Cynthia Voigt, A Solitary Blue (1983)

I owe Cynthia Voigt an apology. When she won the Newbery Medal for Dicey’s Song in 1983, beating out my favorite book at the time (The Blue Sword by Robin McKinley), I retaliated by refusing to read it or any others in what came to be an acclaimed seven-book cycle about the Tillerman family and their friends. But when A Solitary Blue, the follow-up to Dicey’s Song, came again to my attention through the Phoenix Award list, I thought I would give it another chance after 30 years. And I found that the award committee has a point: this is a beautifully written, deeply affecting book, with much insight into the painful process of loving and accepting one another and ourselves, while knowing when and how to walk away from unhealthy relationships.
To be fair, I doubt I would have enjoyed or appreciated it as a teenager. At the time, McKinley’s thrilling tale of adventure and magic in the desert was exactly what I wanted, not a slowly-paced story about a boy abandoned by his mother and learning to understand and live with a distant father. So maybe it’s a good thing I waited until now.

As a parent myself, I was already engaged–to the point of anger–from the first page, when seven-year-old Jeff Greene reads a letter from his mother telling him that she has to leave him in order to help other people, and stifles his tears because his father, whom he calls The Professor, doesn’t like emotion. How could they do that to him? Wouldn’t he be completely messed up?

Over the course of the novel, we find out how they could do that to him: how Jeff’s mother, Melody, could be so selfish and self-deluded as to think she could pick up and drop a child at her own convenience, and how his father could deeply care for his son and yet be so ignorant of children’s needs as to neglect him almost to death. The Professor actually learns from his experiences, and his gradual growing into relationship with his son is moving and real. Melody, on the other hand, is basically pure evil: a modern-day witch holding out a poisoned apple of false love to Jeff. We gain insight into the way her twisted mind works, but not into how she got that way, or into some remnants of humanity in her that we might be able to sympathize with. This one-sidedness creates a flaw in what is otherwise a rich portrayal of character and emotion.

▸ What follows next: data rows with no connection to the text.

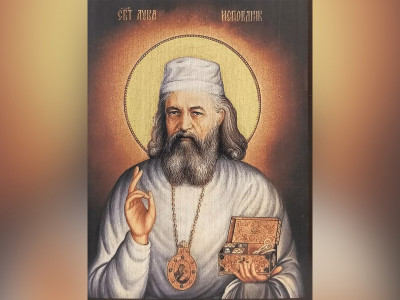 Врач от Бога. Святитель Лука Крымский Врач от Бога. Святитель Лука Крымский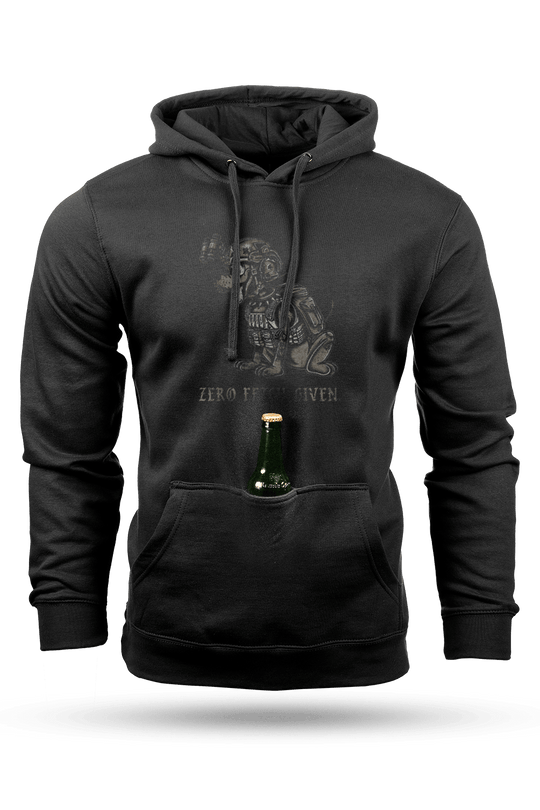 Zero Fetch Given - Tailgater Hoodie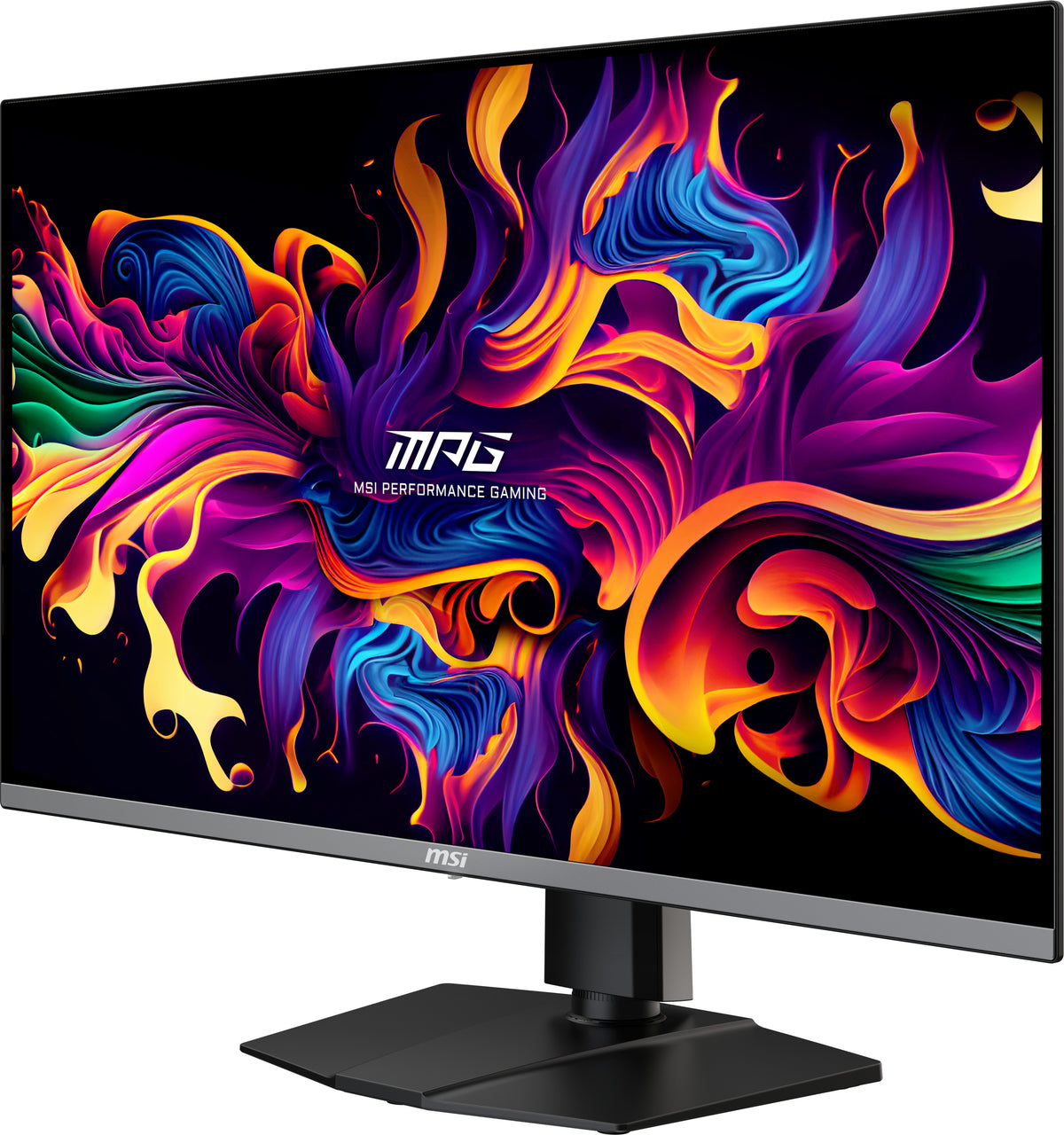 MSI MPG 321URX QD-OLED Écran d'ordinateur 80 cm (31.5") 3840 x 2160 pixels 4K Ultra HD Noir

Of course, Jeff himself is the core of the novel, and as we live through his experiences (which do mess him up quite thoroughly), we grow to know and love him in his weakness and his strength. How he finds healing and redemption in the face of serious challenges, finding his way from desperate isolation to community, is a quietly compelling tale. The setting, which moves from Baltimore to South Carolina to the shores of the Chesapeake Bay, comes to life through Voigt’s carefully crafted prose, and the natural world holds a strong presence in Jeff’s healing process.

Another element is his relationship with Dicey Tillerman, who comes into the story only near the end, another wounded soul struggling toward the light. Without any gooey sentimentality, it becomes clear that she is important to Jeff and that their friendship will develop further. Her story is more fully told in the earlier and later books in the cycle, which I’ll be sure to seek out now.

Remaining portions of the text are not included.